Why should you always check references?
If reference checking is hard to verify and might set you up for getting some misinformation, should you bother? Well, the short answer is yes. Even with their faults, references help give you a real-world view into a candidate’s capabilities and past behaviour. And the simple fact is, the more tools you have at your hiring disposal, the better selection you’ll make.
The slightly longer answer would be: The important elements of a candidate in the early stages of employment are how well they fit into the culture because none of their co-workers/bosses will have enough work samples on them to judge them solely through the prism of the work. These reference checks should lean more towards whether this person is a perceived cultural fit; that makes the subsequent onboarding process that much easier. And, a bonus: if you gain specific info about the candidate from past co-workers during reference checks — for example, let’s say they’re really into professional basketball — then you can even customize the onboarding process around basketball, their favorite team, giving them a hat/jersey from that team, etc.

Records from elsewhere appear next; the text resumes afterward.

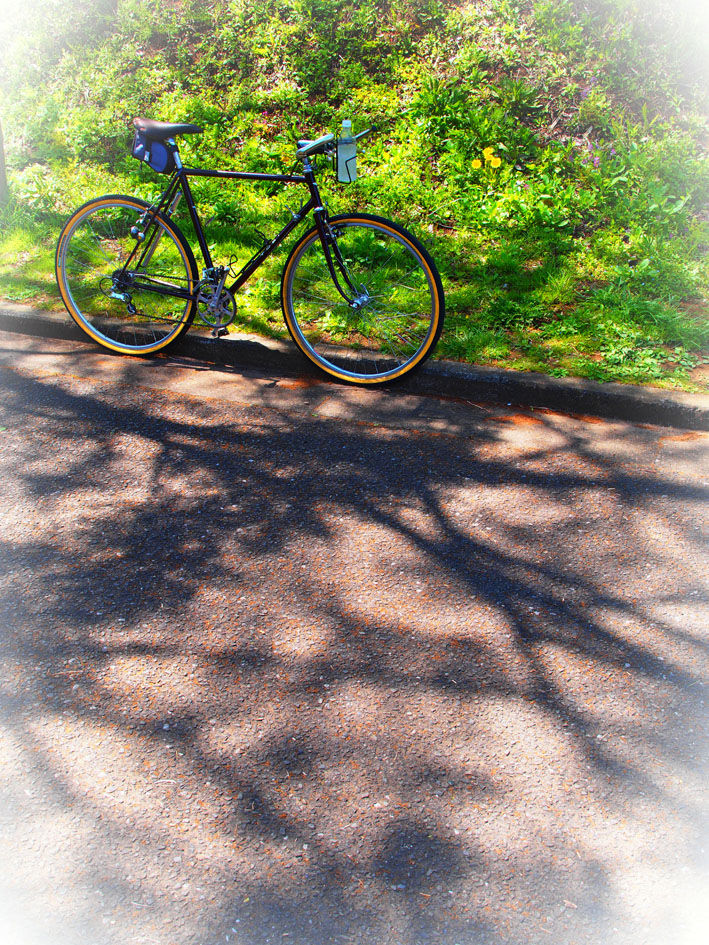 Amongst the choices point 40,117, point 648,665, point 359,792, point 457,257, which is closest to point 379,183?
point 457,257

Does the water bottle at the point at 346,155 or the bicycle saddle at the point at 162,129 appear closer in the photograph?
the water bottle at the point at 346,155

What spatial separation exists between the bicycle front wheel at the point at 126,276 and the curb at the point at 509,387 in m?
0.30

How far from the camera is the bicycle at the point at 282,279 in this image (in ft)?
15.2

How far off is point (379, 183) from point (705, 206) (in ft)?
9.78

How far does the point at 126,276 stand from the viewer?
17.0ft

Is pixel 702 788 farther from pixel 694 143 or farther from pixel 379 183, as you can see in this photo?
pixel 694 143

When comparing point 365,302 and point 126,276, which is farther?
point 126,276

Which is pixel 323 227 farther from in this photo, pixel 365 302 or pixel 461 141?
pixel 461 141

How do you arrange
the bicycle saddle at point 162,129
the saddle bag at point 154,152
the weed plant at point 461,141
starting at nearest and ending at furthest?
the bicycle saddle at point 162,129 < the saddle bag at point 154,152 < the weed plant at point 461,141

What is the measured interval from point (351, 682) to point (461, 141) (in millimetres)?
6233

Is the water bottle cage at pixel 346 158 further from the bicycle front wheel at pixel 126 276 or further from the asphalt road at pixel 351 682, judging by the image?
the asphalt road at pixel 351 682

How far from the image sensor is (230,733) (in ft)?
8.16

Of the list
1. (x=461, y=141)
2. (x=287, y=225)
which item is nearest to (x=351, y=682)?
(x=287, y=225)

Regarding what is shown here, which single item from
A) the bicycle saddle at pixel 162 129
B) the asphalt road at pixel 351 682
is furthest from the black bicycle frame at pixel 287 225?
the asphalt road at pixel 351 682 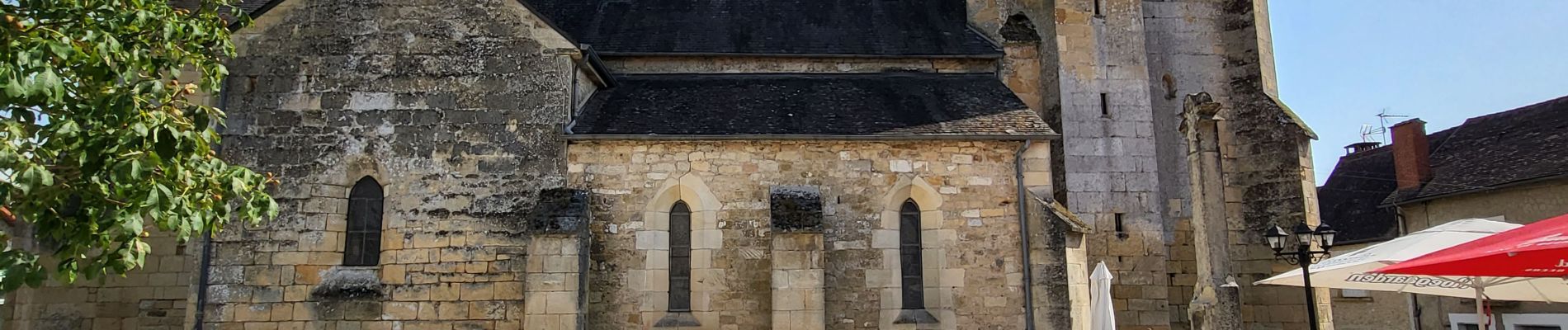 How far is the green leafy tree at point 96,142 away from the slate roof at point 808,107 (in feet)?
20.6

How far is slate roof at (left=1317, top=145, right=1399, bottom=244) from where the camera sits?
25844 millimetres

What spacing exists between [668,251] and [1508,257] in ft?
32.6

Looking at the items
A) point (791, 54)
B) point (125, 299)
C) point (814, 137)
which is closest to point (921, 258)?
point (814, 137)

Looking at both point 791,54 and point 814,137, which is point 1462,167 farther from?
point 814,137

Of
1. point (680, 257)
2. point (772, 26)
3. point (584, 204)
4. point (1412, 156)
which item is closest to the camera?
point (584, 204)

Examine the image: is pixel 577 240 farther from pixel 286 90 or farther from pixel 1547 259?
pixel 1547 259

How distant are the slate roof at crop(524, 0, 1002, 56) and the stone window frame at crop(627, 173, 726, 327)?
3.55 m

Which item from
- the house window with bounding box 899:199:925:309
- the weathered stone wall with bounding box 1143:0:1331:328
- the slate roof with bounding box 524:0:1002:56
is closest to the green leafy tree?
the house window with bounding box 899:199:925:309

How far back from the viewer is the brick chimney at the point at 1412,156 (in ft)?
79.7

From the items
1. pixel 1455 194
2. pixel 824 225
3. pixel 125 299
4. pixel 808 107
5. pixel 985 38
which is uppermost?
pixel 985 38

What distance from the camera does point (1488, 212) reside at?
2178cm

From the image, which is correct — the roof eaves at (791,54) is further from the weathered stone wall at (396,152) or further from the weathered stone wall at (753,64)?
the weathered stone wall at (396,152)

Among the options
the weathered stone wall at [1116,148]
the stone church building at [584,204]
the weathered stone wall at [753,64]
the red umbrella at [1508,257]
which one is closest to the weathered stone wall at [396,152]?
the stone church building at [584,204]

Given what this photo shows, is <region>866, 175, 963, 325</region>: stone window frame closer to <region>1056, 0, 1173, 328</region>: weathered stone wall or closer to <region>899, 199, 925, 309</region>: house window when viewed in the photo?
<region>899, 199, 925, 309</region>: house window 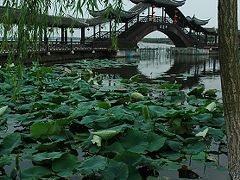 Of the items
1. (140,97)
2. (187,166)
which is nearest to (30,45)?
(187,166)

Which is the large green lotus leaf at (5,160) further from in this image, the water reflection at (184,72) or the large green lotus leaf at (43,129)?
the water reflection at (184,72)

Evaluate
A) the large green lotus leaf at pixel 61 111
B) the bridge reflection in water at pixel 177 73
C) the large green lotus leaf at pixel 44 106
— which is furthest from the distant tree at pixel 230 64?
the bridge reflection in water at pixel 177 73

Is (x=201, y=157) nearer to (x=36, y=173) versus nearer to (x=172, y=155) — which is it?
(x=172, y=155)

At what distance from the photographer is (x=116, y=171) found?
11.6 feet

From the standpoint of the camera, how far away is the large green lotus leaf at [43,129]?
4.38m

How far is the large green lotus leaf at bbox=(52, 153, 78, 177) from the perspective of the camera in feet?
11.9

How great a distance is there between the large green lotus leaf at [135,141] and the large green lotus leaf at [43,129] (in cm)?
87

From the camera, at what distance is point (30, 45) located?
3146mm

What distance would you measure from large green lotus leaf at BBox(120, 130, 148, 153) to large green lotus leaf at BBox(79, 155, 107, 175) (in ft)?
1.91

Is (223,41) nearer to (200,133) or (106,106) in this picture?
(200,133)

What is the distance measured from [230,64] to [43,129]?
2.34 m

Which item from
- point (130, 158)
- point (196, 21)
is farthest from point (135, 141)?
point (196, 21)

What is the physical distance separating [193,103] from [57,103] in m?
2.77

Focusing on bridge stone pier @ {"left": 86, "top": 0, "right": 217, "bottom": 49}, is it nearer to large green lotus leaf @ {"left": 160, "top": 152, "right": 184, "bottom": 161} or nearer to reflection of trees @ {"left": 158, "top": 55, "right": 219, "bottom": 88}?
reflection of trees @ {"left": 158, "top": 55, "right": 219, "bottom": 88} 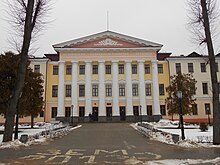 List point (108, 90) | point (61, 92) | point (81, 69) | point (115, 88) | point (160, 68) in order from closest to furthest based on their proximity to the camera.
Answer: point (61, 92), point (115, 88), point (108, 90), point (81, 69), point (160, 68)

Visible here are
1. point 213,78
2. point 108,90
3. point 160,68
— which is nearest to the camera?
point 213,78

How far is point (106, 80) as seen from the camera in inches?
1921

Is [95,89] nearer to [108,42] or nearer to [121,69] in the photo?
[121,69]

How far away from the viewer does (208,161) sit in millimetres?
8680

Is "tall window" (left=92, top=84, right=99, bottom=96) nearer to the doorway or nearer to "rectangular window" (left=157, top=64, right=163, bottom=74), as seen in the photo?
the doorway

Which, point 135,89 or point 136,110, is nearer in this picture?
point 136,110

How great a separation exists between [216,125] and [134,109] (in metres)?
35.6

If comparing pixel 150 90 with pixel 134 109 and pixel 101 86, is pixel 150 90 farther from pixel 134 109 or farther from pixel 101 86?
pixel 101 86

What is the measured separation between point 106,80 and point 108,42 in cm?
737

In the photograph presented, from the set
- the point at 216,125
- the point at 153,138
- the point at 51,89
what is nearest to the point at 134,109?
the point at 51,89

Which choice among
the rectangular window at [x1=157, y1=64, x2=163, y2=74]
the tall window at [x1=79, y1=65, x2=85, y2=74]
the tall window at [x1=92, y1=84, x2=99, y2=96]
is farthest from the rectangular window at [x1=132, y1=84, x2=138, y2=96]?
the tall window at [x1=79, y1=65, x2=85, y2=74]

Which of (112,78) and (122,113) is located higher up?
(112,78)

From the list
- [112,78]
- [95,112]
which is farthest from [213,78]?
[95,112]

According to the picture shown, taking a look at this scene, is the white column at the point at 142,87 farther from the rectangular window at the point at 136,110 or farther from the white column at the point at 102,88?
the white column at the point at 102,88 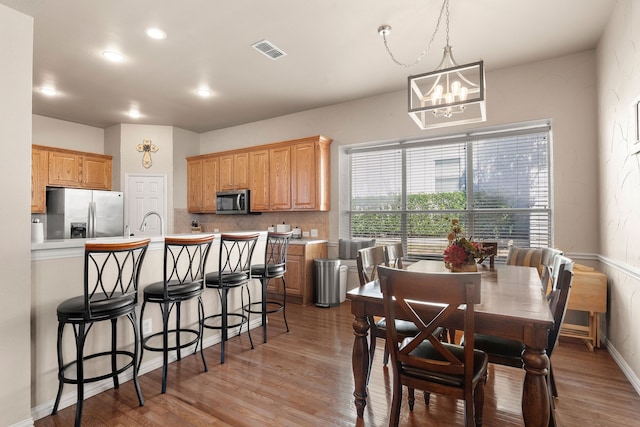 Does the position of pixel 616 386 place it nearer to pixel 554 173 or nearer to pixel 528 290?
pixel 528 290

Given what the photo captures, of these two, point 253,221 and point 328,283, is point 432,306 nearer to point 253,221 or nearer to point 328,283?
point 328,283

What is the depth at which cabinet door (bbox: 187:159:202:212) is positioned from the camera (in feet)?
21.9

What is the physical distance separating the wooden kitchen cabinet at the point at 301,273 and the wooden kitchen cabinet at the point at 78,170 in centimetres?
400

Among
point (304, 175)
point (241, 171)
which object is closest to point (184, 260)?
point (304, 175)

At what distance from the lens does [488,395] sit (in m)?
2.38

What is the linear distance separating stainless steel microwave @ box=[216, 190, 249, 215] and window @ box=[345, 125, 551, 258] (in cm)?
184

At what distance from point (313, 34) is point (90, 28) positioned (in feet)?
6.86

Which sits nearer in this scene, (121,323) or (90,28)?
(121,323)

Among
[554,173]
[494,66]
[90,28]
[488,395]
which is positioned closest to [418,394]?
[488,395]

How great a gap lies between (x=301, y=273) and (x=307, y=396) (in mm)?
2590

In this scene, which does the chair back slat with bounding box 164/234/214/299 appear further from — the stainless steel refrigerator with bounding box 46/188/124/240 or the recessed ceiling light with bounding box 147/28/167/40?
the stainless steel refrigerator with bounding box 46/188/124/240

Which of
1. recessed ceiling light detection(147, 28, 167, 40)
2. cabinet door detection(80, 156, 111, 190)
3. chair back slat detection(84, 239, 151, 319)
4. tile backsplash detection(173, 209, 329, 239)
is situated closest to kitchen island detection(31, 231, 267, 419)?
chair back slat detection(84, 239, 151, 319)

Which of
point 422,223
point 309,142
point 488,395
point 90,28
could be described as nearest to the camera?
point 488,395

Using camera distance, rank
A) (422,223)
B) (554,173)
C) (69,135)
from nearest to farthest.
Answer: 1. (554,173)
2. (422,223)
3. (69,135) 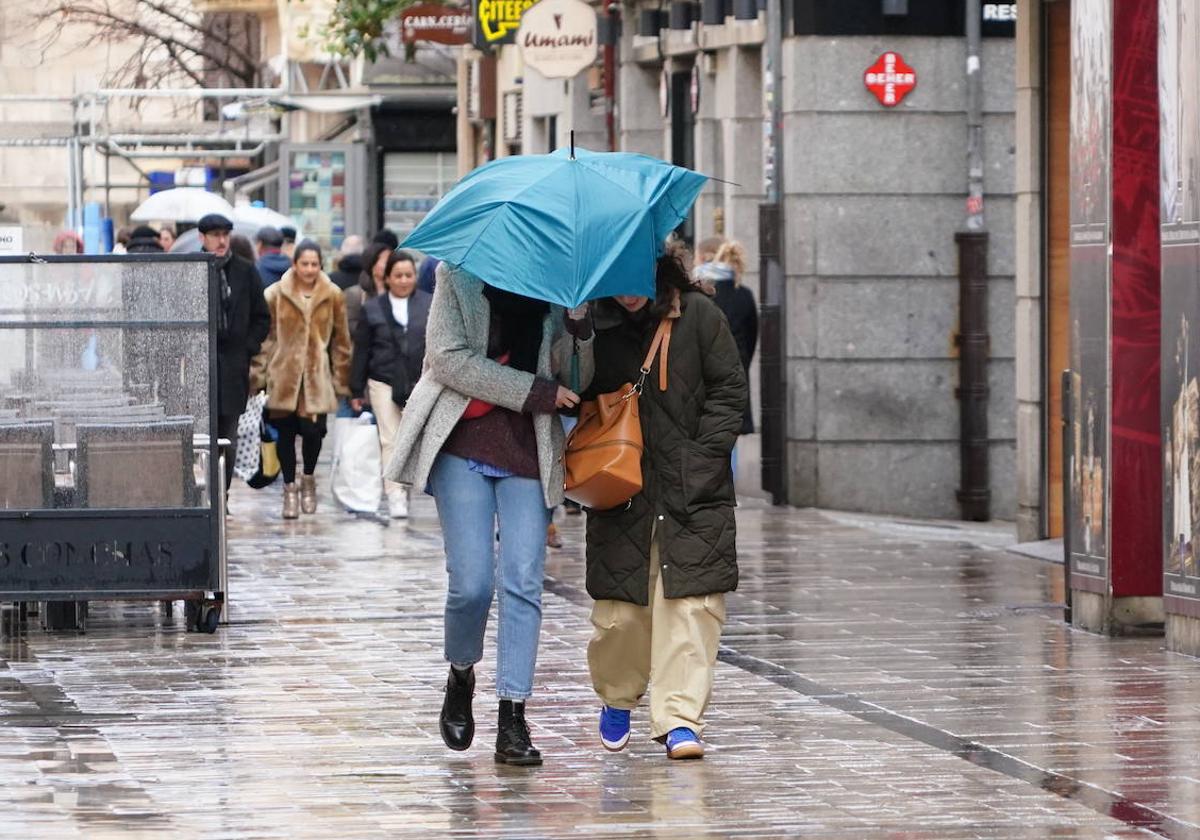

And keep in mind, a mix of personal, academic, or professional references can help too if a candidate has been out of the workforce for a while or is moving from a different country where calling a professional reference at the right time zone might be a challenge. The point is to simply talk to someone who has a different vantage point of your potential hire and take that information (sometimes with a grain of salt) into account along with your other hiring tools. Reference discussions should inform you about whether the candidate will do the work, how hard they’ll work at the work, and how positive an impact on your culture they will have.